I. Inicialmente, é forçoso reconhecer a legitimidade ativa do Ministério Público Federal para o ajuizamento da presente ação, tendo em vista o seu papel na defesa do patrimônio cultural brasileiro, com fundamento no artigo 129, caput e inciso III da Constituição Federal.
II. A Lei Complementar nº 75/93, em seu artigo 6º, ao disciplinar a organização e atribuições do Ministério Público da União, estabelece a competência da instituição para a defesa de direitos constitucionais, dentre eles os direitos sociais e coletivos, e para a proteção do patrimônio público, em especial os bens de valor artístico, estético, histórico, turístico e paisagístico.
III. In casu, a presenta ação civil pública foi ajuizada pelo Ministério Público Federal em face da União Federal, do Instituto do Patrimônio Histórico e Artístico Nacional - IPHAN e do Município de Girassol/SP objetivando a declaração do valor cultural do imóvel denominado "Estação Ferroviária de Mirassol" com a condenação dos requeridos nas medidas cabíveis para a retomada da posse do imóvel, bem como a sua restauração integral com as características originais, abstendo-se de destruir, total ou parcialmente, o referido imóvel.

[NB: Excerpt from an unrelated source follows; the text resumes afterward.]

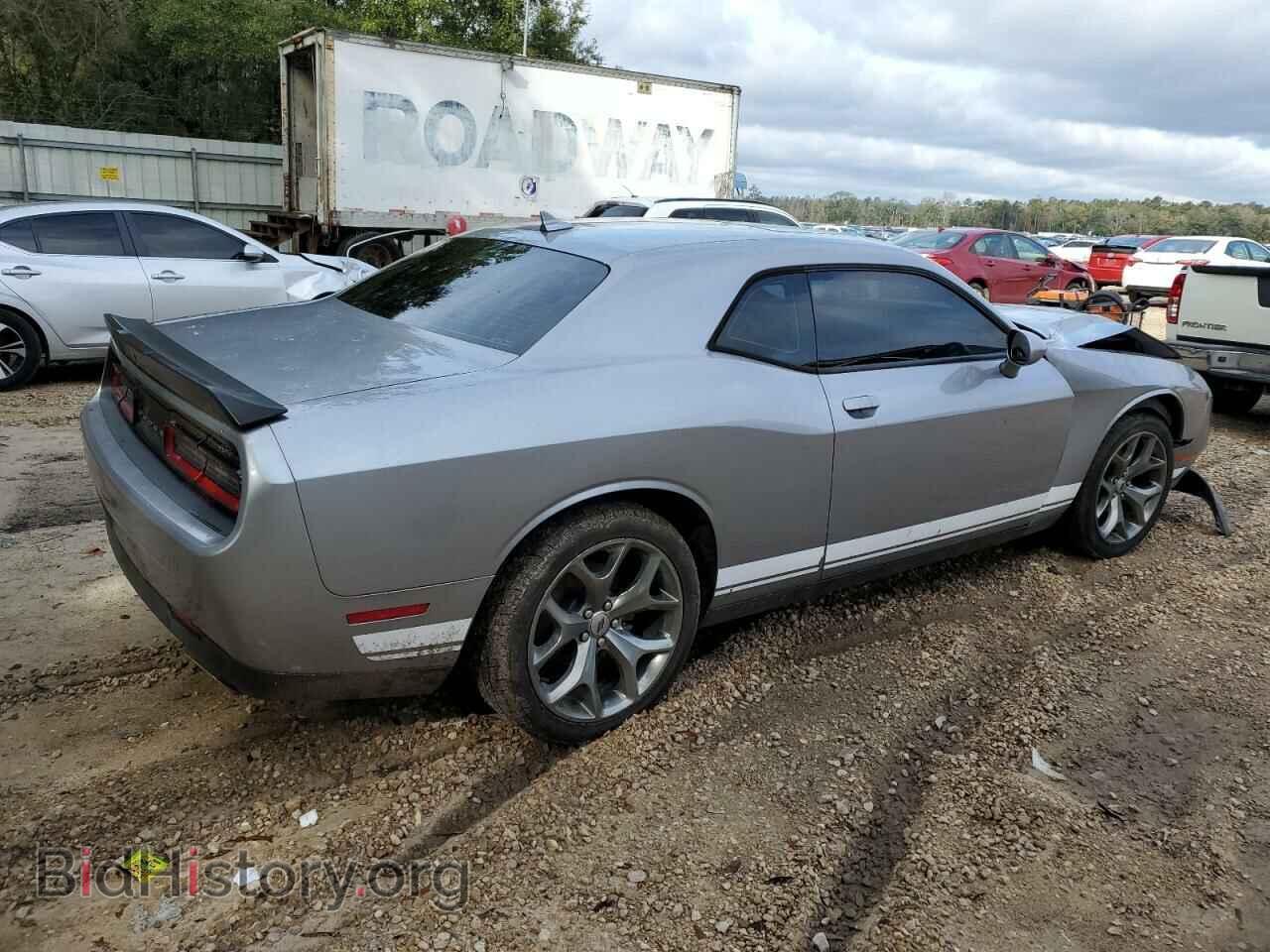 2017 DODGE CHALLENGER - VIN: 2C3CDZAG2HH540656 - Фото 3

IV. De fato, ao analisar a documentação trazida aos autos pelas partes, é possível constatar que, em razão da transferência de patrimônio da extinta Rede Ferroviária Federal S/A - RFFSA, a quem então pertencia o imóvel em questão, a União Federal é a atual e legítima proprietária do bem imóvel.
V. De acordo com a Lei nº 11.483/2017, após a extinção da RFFSA e a inventariança de seus bens, todo o seu acervo passou a integrar o patrimônio da União Federal, inclusive o imóvel em discussão, o que atesta a legitimidade passiva da União
VI. Corrobora tal fato, a celebração do contrato de "Cessão de Uso de Imóvel com Vocação Ferroviária e Outras Avenças", firmado entre a Rede Ferroviária Federal S/A - RFFSA e a Prefeitura Municipal de Girassol, cujo objeto incluía o referido imóvel, pelo período de 5 (cinco) anos, datado de 2004.

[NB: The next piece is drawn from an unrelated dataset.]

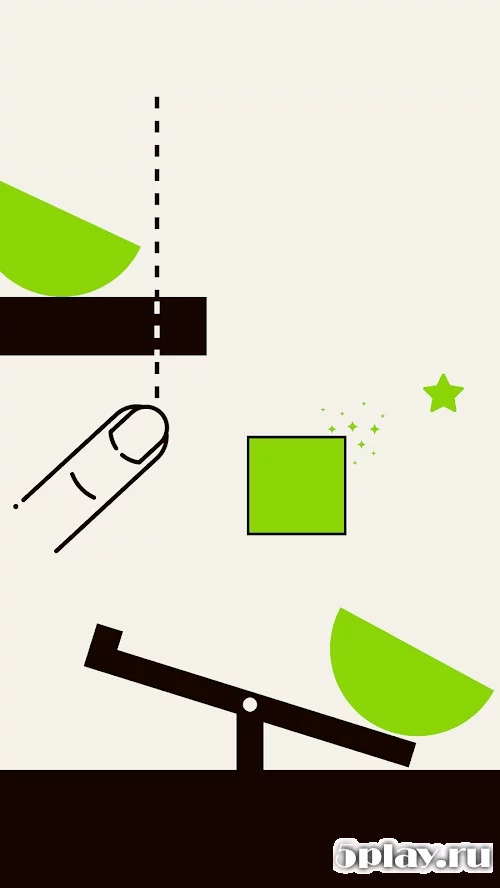 Скриншот Cut It: Brain Puzzles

VII. Da mesma forma, o dispositivo legal em comento dispõe ser atribuição do IPHAN administrar e zelar pela guarda e conservação de bens móveis e imóveis de valor artístico, histórico e cultural, oriundos da extinta RFFSA.
VIII. Ocorre que, não havendo tal reconhecimento na Lei nº 11.483/2007, tampouco tendo sido tombado em nível nacional, tal como determina o Decreto-Lei nº 25/1937, afasta-se a responsabilização do IPHAN para restaurar e preservar o imóvel em discussão.
IX. Ademais, o instituto possui discricionariedade para definir quais bens oriundos da extinta RFFSA merecem atenção por revestirem valor histórico, artístico e cultural em nível nacional, de modo que não se pode impor a vontade de terceiros sobre os atos e decisões do órgão.
X. No que diz respeito à União Federal, conforme mencionado anteriormente, houve a sucessão de direitos e obrigações da extinta RFFSA, todavia, a obrigação de conservação do imóvel depende do seu tombamento.
XI. Por fim, com relação ao Município de Girassol aplica-se o mesmo entendimento, haja vista que não houve o reconhecimento do valor histórico e cultural do imóvel por parte da municipalidade, de modo que não se pode impor a obrigação de restauração e preservação pretendida.
XII. Remessa oficial e apelação improvidas.